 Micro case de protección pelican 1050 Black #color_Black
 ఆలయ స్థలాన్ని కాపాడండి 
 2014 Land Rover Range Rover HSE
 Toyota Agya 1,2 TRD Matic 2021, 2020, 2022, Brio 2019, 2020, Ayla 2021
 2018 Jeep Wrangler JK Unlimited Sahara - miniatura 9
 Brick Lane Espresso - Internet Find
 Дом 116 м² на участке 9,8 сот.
⁂
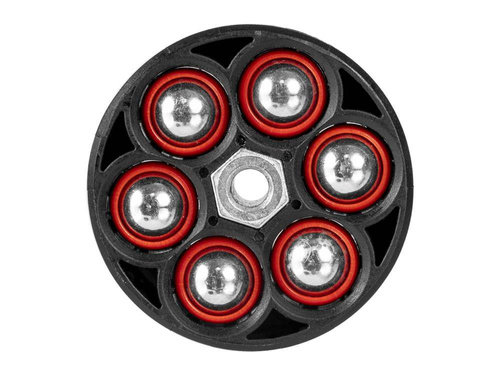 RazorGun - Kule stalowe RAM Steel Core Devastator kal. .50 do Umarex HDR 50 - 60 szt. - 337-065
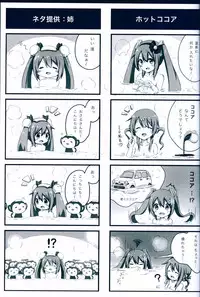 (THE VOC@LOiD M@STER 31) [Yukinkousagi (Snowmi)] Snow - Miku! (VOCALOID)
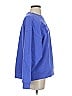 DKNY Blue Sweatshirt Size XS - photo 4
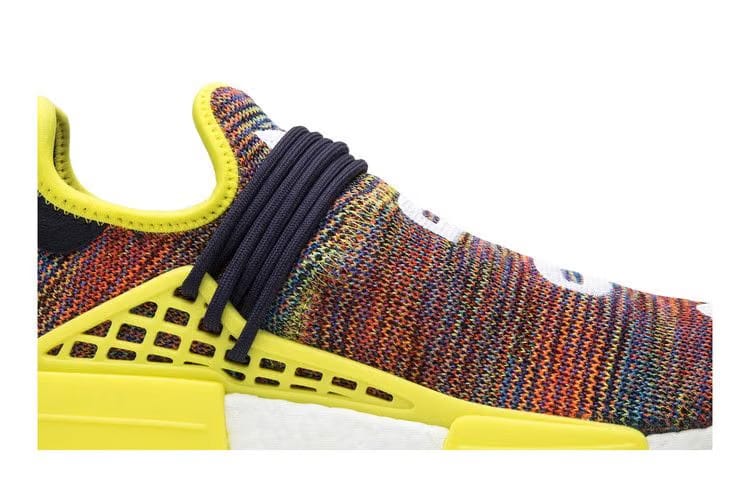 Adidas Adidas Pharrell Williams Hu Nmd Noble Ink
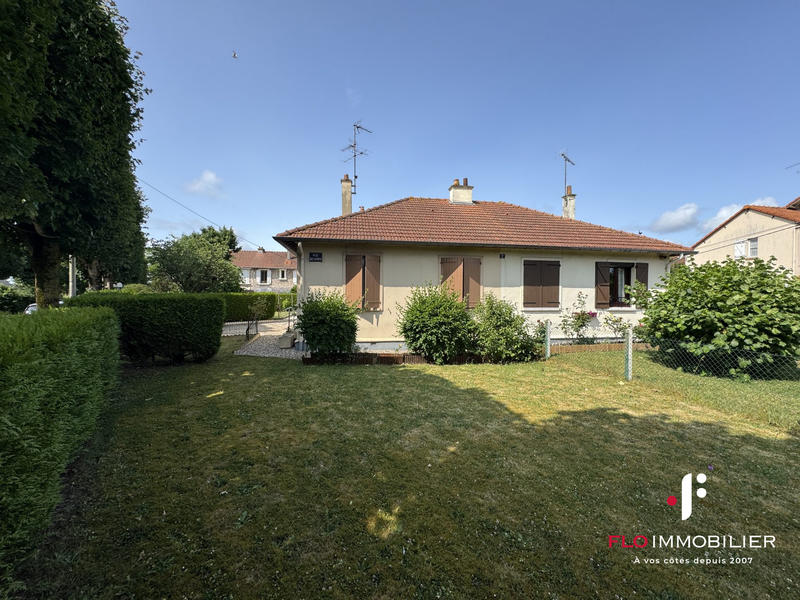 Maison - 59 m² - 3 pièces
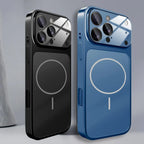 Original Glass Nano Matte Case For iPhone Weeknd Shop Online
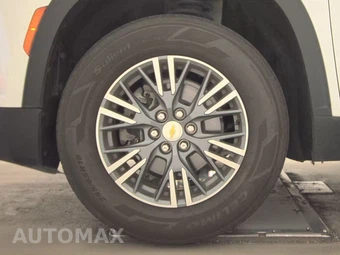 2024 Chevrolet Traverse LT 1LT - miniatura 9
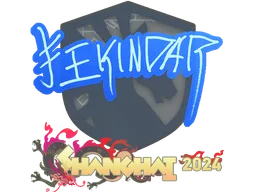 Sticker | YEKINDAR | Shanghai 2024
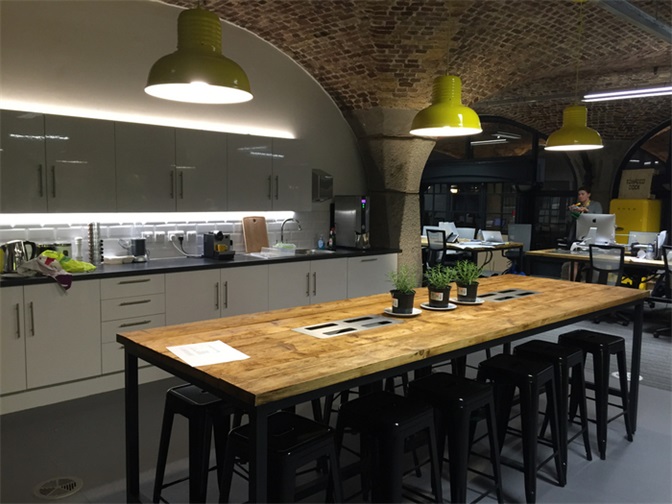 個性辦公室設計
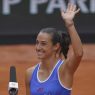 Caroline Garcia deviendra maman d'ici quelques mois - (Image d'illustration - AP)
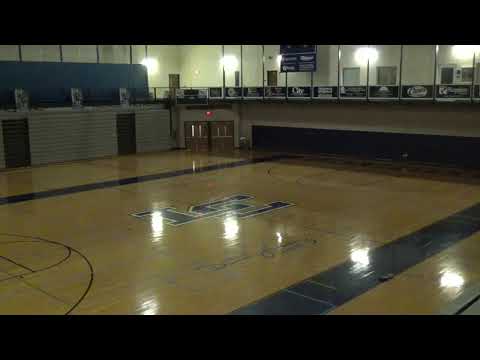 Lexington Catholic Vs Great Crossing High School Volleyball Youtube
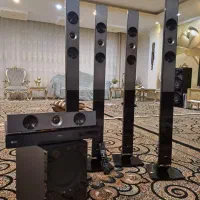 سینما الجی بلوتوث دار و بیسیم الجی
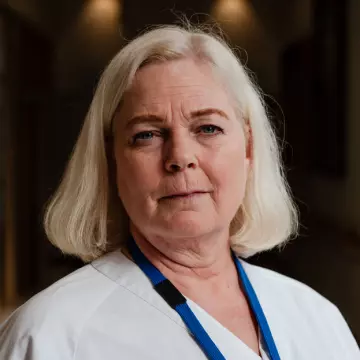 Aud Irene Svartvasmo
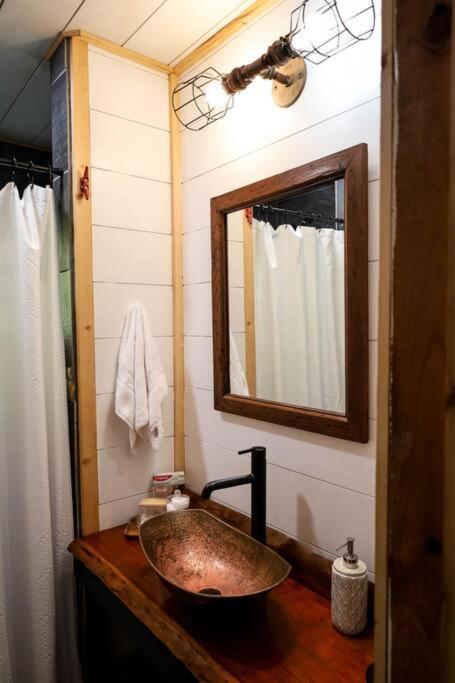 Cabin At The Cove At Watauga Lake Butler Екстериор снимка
⁂
| Aim of the task |
In the listing above, find the line containing "Brick Lane Espresso - Internet Find" and the line containing "Дом 116 м² на участке 9,8 сот.", then quote both, plus every line between them, exactly as written.

| Solution to this problem |
 Brick Lane Espresso - Internet Find
 Дом 116 м² на участке 9,8 сот.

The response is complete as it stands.